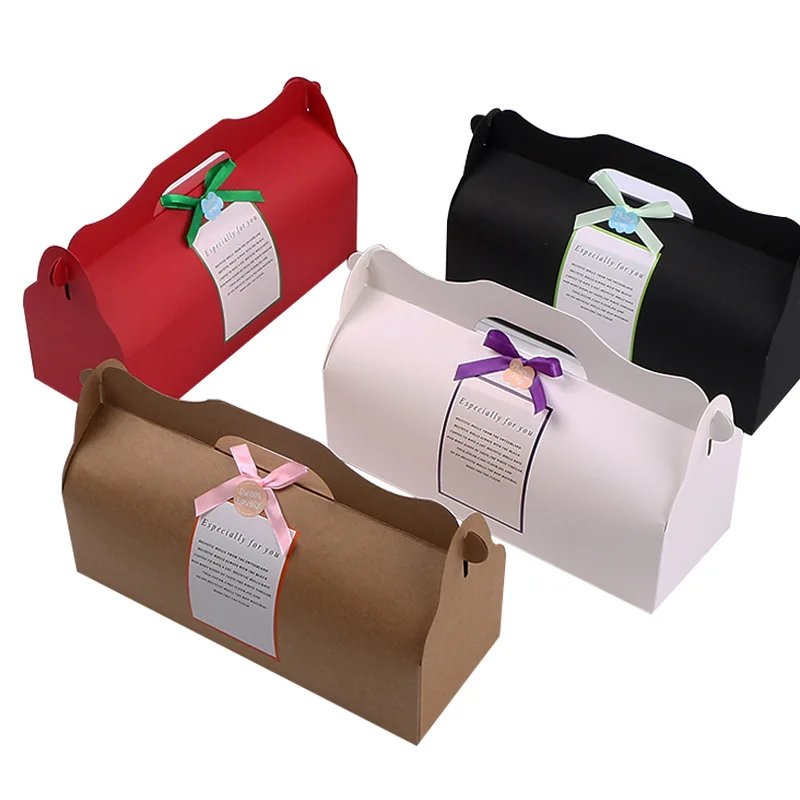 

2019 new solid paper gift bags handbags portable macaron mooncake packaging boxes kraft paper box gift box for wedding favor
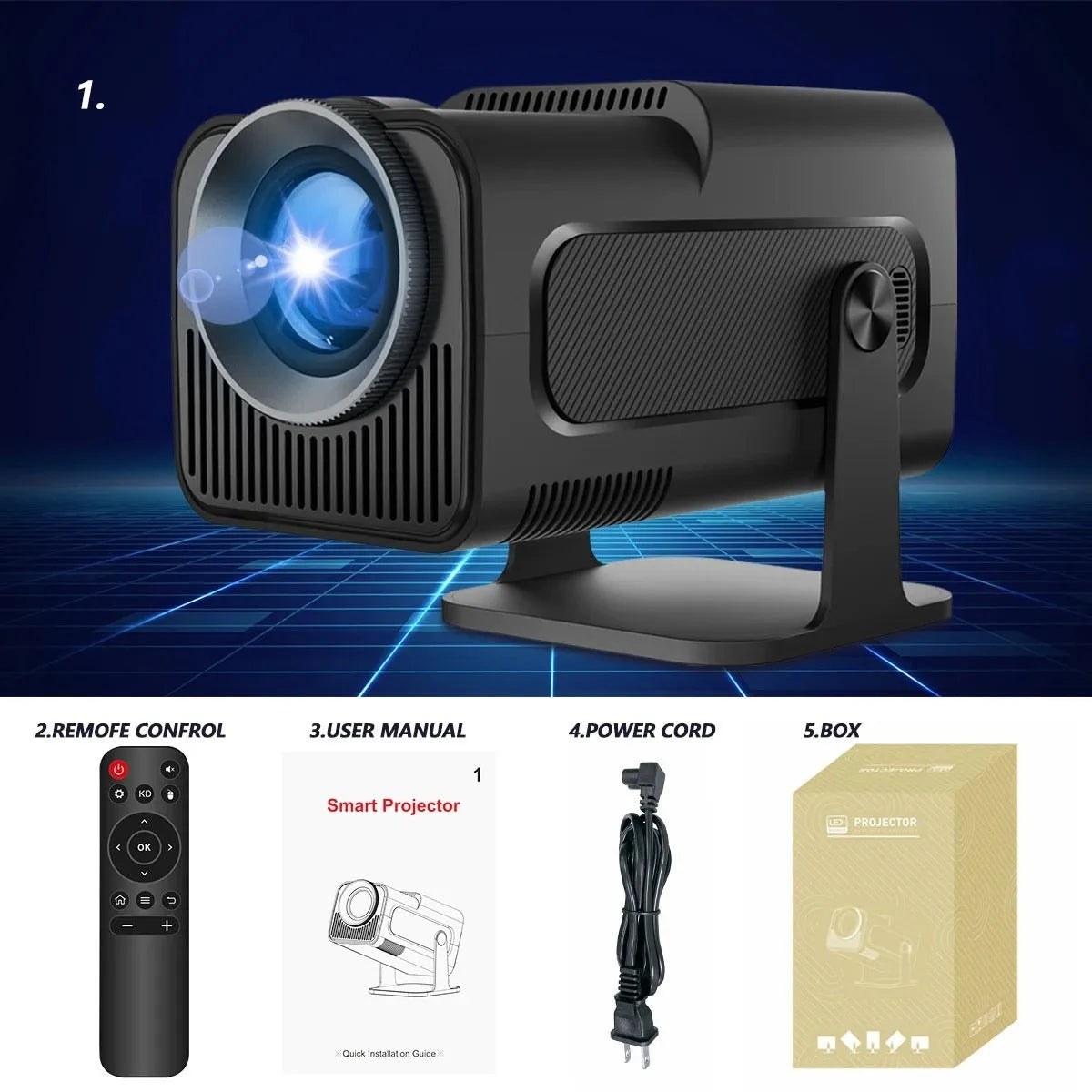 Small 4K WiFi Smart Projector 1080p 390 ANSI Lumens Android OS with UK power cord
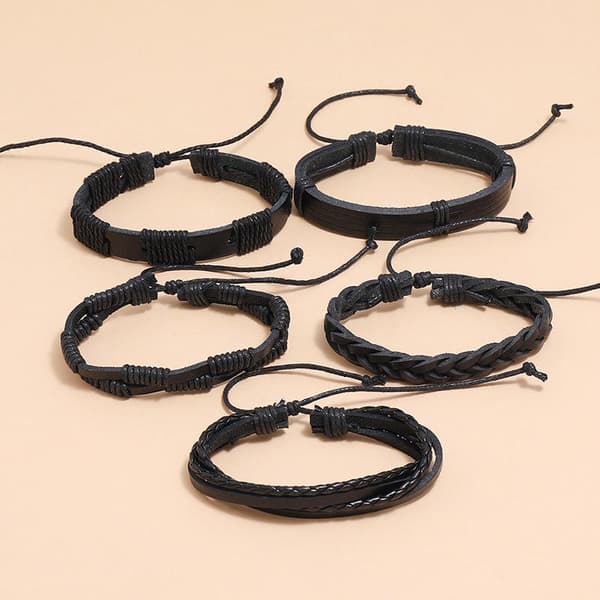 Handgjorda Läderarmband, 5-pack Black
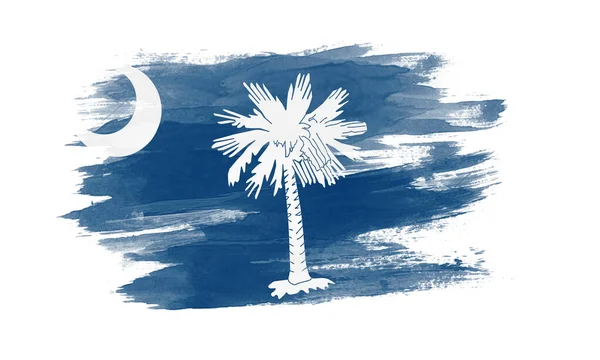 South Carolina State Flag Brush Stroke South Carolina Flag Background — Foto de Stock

GOAL OF THE EXERCISE:
Leaving out the pictures, reproduce the whole listing above exactly.

RESPONSE BOX:
2019 new solid paper gift bags handbags portable macaron mooncake packaging boxes kraft paper box gift box for wedding favor
 Small 4K WiFi Smart Projector 1080p 390 ANSI Lumens Android OS with UK power cord
 Handgjorda Läderarmband, 5-pack Black
 South Carolina State Flag Brush Stroke South Carolina Flag Background — Foto de Stock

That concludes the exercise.